Georges Lapassade, nel 1981 in una intervista, diceva: "Il tarantismo è insieme esorcismo e adorcismo. E' un modo ritualizzato di espungere da sé il negativo, ma è anche qualcosa che muove - come troviamo in molte culture pagane - dall'esigenza di integrare il male. Il tarantato si fa intermediario dell'alterità, di un modo interiore che appare popolato di tante voci diverse, fuori da un ordine permanente gerarchico. Entra in una dimensione di mezzo, per cui diventa come lo spazio e la voce dell'alterità, della diversità, di una divinità che parla molte lingue".


Il tarantato danza e canta, e il canto è un dialogo con la divinità (S. Paolo, la Madonna), un dialogo diretto in cui il tarantato svolge un ruolo privilegiato rispetto agli astanti, divenendo quasi un semidio o uno sciamano. Sempre nell'intervista citata, Lapassade sosteneva che il tarantismo è parente del coribantismo e non del dionismo, in quanto se il secondo incarna valori positivi di riunione del diverso in unità, di concordanza degli opposti, il primo incarna la diversità, il contrasto, la dissonanza, il rumore.

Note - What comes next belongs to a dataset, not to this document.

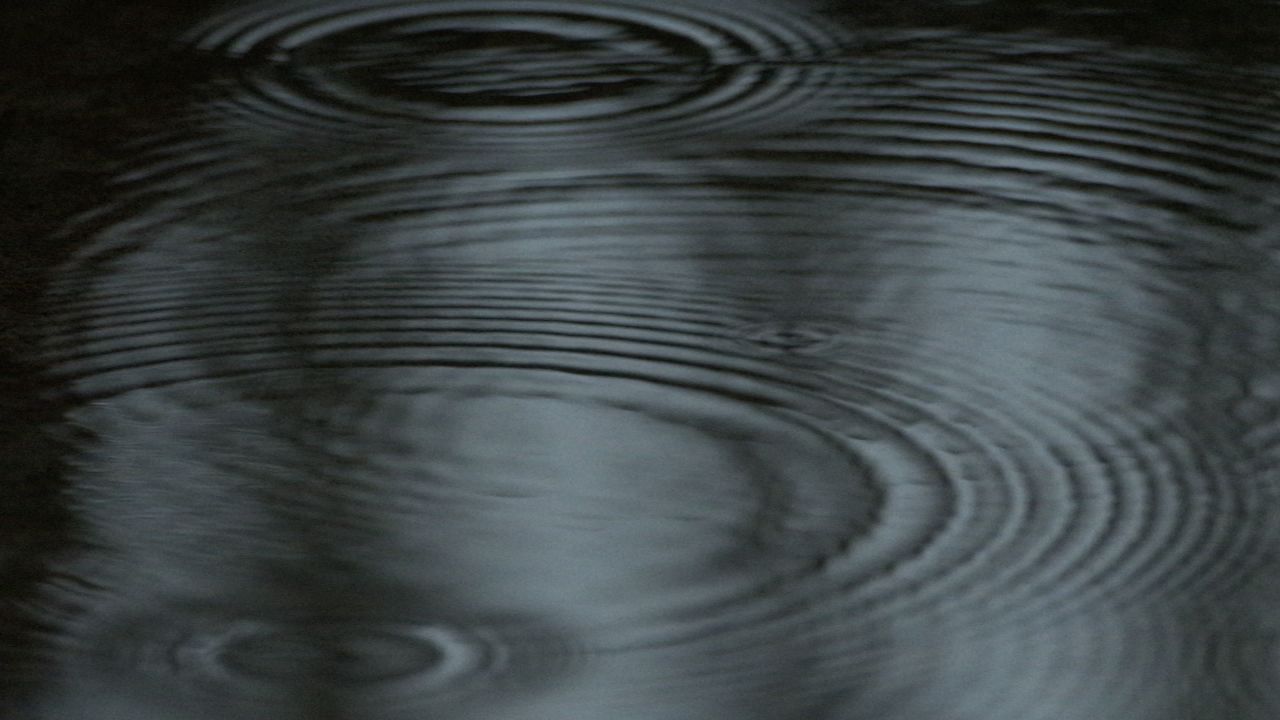 下雨雨点慢镜头4K实拍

Come nel coribantismo ogni dio rappresenta un mondo di valori e percettivo peculiare che richiama colori e suoni particolari, così il tarantato si rapporta ad un "ragno" che risponde ad un certo nome (viene comunicato dalla taranta stessa nel corso del rito), che preferisce alcuni colori ed un certo ritmo musicale.


Durante il rito il coreuta danza, seguendo una coreografia inventata al momento (la taranta lo guida e gli fa "tessere" la danza), secondo un ritmo particolare (e non altri) e si circonda dei colori che preferisce la sua taranta.